Ao traçar um breve panorama da carreira de Celso Favaretto, esbocei uma articulação entre algumas das suas ideias sobre a arte dos tropicalistas e de Hélio Oiticica e algumas das suas ideias sobre o ensino de filosofia. Isso tudo me foi ensinado nas quartas-feiras à noite, antes do samba no Bar do Bilú. Se eu fosse dar um título para essa homenagem, talvez pudesse ser: o ensino de filosofia como criação artística.

Em 1978, sob a orientação de Otília Arantes, Celso Favaretto defendeu na Faculdade de Filosofia, Letras e Ciências Humanas da USP a dissertação de mestrado: Tropicália: alegoria, alegria.

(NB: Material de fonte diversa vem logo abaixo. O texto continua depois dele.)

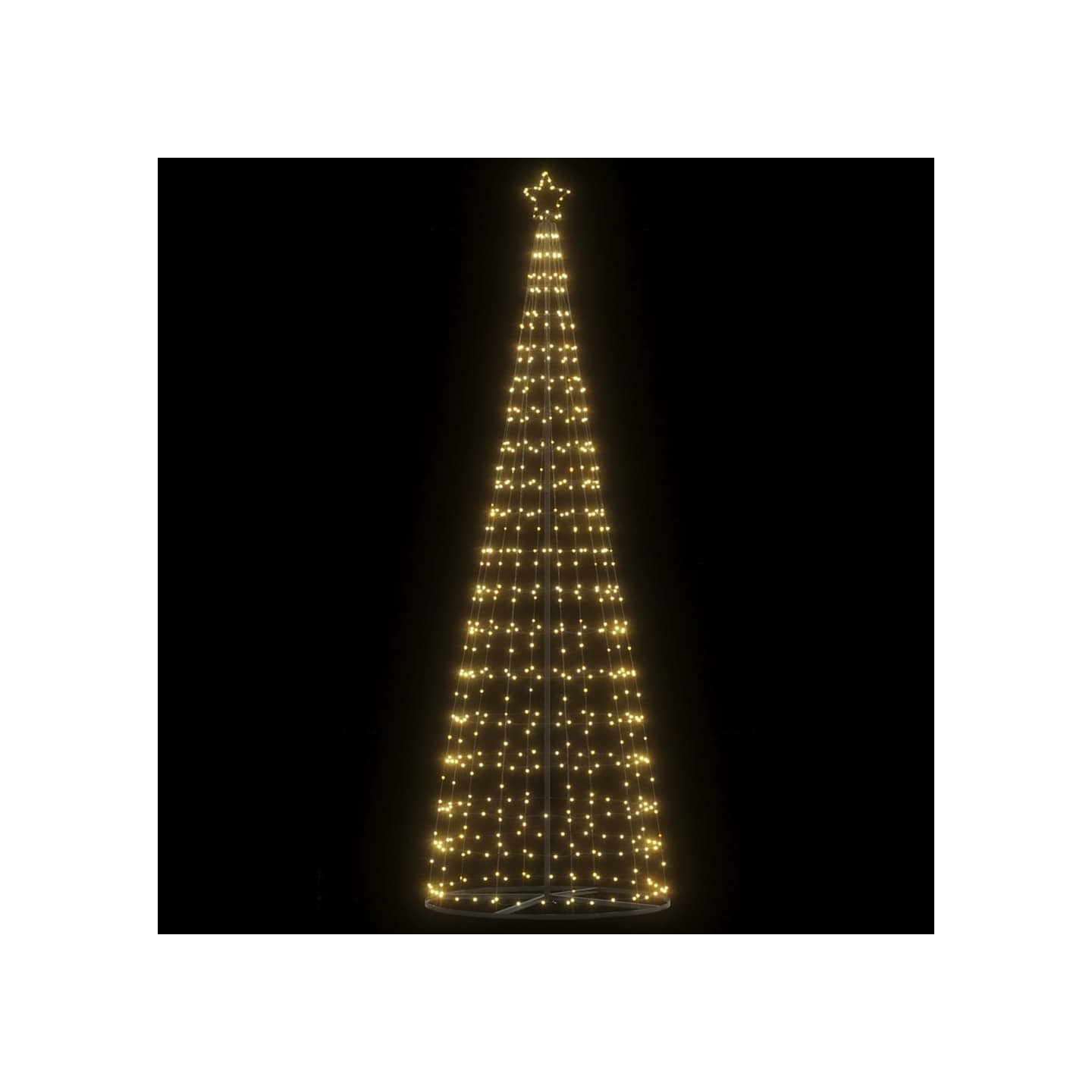 Sapin de Noël à LED 550 LED blanc chaud 300 cm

Nessa mesma instituição, sob a orientação e Leon Kossovitch, defendeu em 1988 a tese de doutorado: A invenção de Hélio Oiticica. Essas pesquisas tiveram grande repercussão no debate acadêmico. O trabalho sobre Hélio Oiticica recebeu o prêmio de melhor livro de arte da Associação Paulista de Críticos de Arte (APCA).

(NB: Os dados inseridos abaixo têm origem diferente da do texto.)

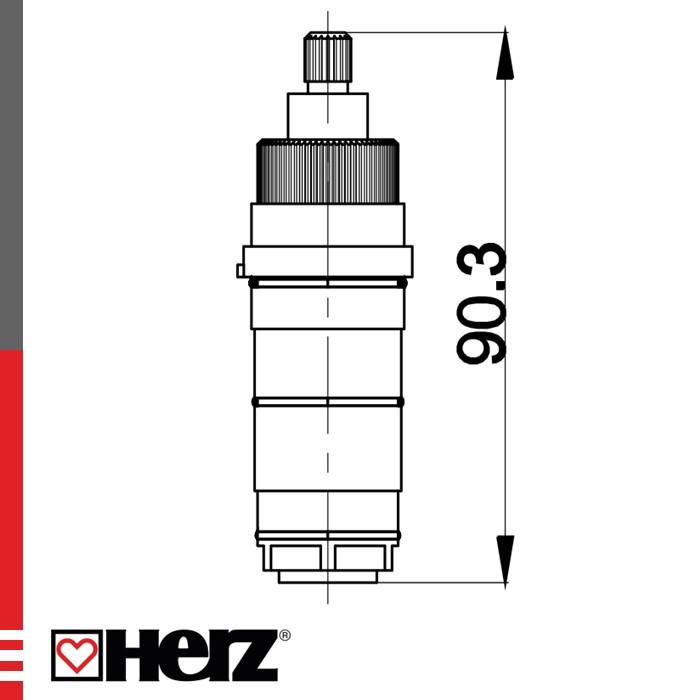 Sklop za bateriju PRESTIGE 19387 HERZ — HERZ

A partir de 1985, Favaretto passou a lecionar na Faculdade de Educação da USP, titular na disciplina de Metodologia do Ensino de Filosofia. É nesse momento que a educação e o ensino de filosofia ganham destaque entre os temas das suas pesquisas.

O carnaval, o samba e o rock estão entre os elementos que compõem as “manifestações ambientais”, intervenções criadas por Hélio Oiticica nos anos 1960. Para o artista, esses elementos da cultura popular são fundamentais por incidirem sobre o corpo, a vida e o pensamento. Na interpretação de Celso Favaretto (2000), o objetivo de Oiticica era provocar uma recepção criativa do espectador.

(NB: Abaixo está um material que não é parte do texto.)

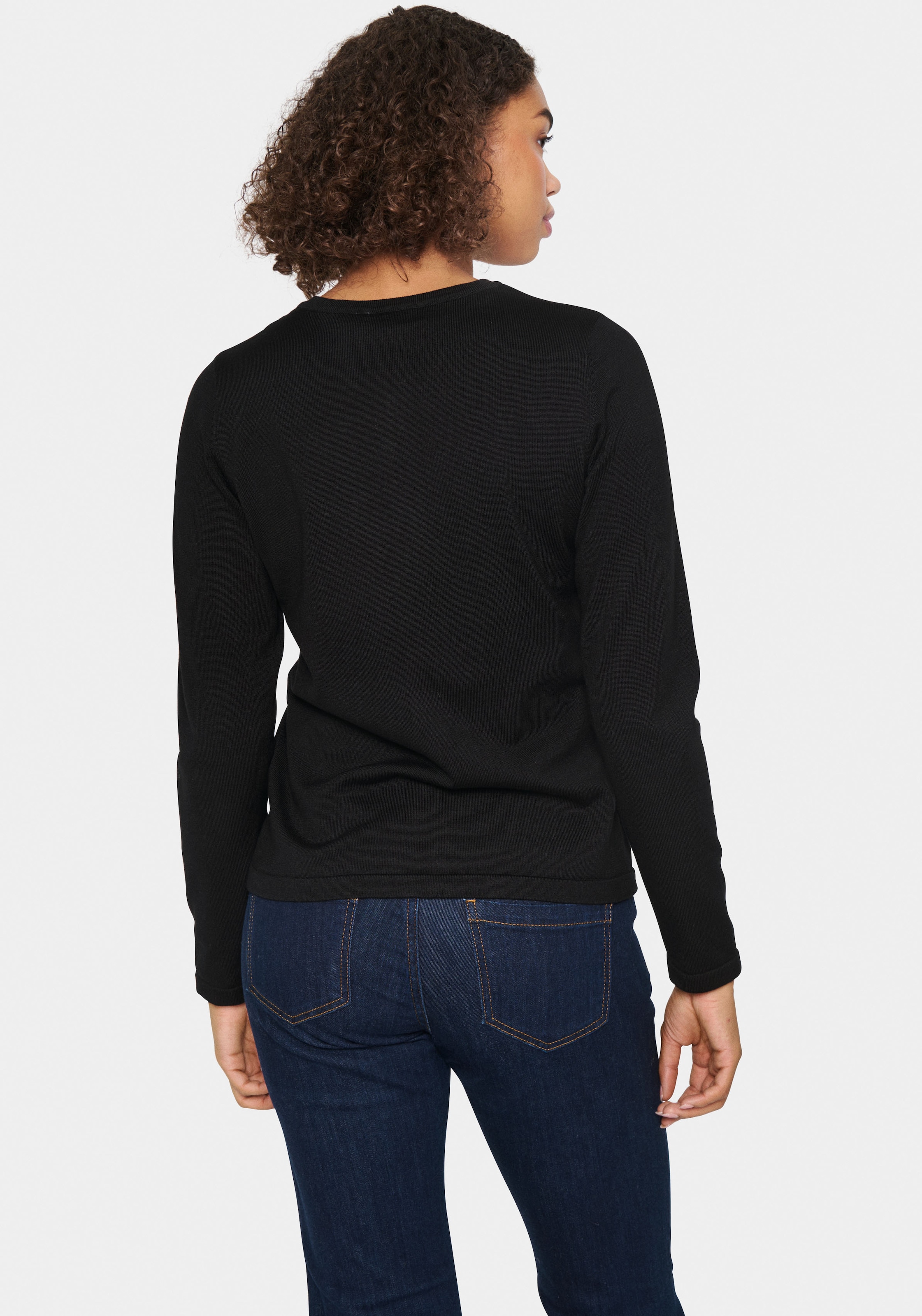 Saint Tropez Strickjacke »JemmaSZ Cardigan«, mit Zierknöpfen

Tanto as manifestações ambientais, quanto as canções dos tropicalistas, promovem uma explosão do óbvio por meio do conflito entre as designações das palavras, imagens e sons e seu campo possível de significações. A mesma indeterminação que nos leva à elaboração onírica, nesse caso, suscita o desejo de produção, eu cito Celso Favaretto: “O receptor não ouve, propriamente, as músicas, mas realiza ideias, estabelece relações, acompanha o desenvolvimento, neles interferindo. (…) A convergência dos projetos de Oiticica e dos tropicalistas patenteia-se, portanto, na transformação do espectador (ouvinte) em protagonista de ações, pela exploração da indeterminação provocada pela abertura estrutural e do heteróclito de materiais e referências agenciados nos sistemas” (FAVARETTO, 1990, p. 54).

Ao discutir a relação entre o pós-moderno e a educação, Celso Favaretto respalda um ensino que trabalhe sem regras estabelecidas e, de certo modo, como faz Hélio Oiticica em suas intervenções, que apresente as condições para a criação face à indeterminação (FAVARETTO, 1991). Numa concepção pós-moderna, partindo do pressuposto do desejo de saber, a educação e a formação estão atreladas aos exercícios de análise e de interpretação dos signos e dos discursos. Cabe à professora ou professor alimentar esse desejo de suas alunas e alunos e compartilhar as ferramentas necessárias para realização desses exercícios (FAVARETTO, 1991).

Analisando algumas ideias de Nietzsche que se afinam com as de autores que contribuíram para o debate sobre a pós-modernidade, Celso Favaretto reconhece o caráter perspectivo do conhecimento (FAVARETO, 2004). Conhecer não é explicar ou elucidar, mas construir interpretações. Não há interpretação definitiva ou absoluta, há disputa entre diferentes interpretações. Nesse sentido, educar também é situar a aluna e o aluno num determinado jogo de forças (FAVARETTO, 1991).

Num dos seus primeiros textos sobre o ensino de filosofia, Celso Favaretto afirma que a disciplina não se enquadra mais no modelo dos antigos manuais, que a apresentava como um corpo de saberes (FAVARETTO, 1993). Com a proliferação de teorias e discursos e a dispersão da atividade filosófica, fala-se hoje em filosofias, no plural, e não mais numa única filosofia.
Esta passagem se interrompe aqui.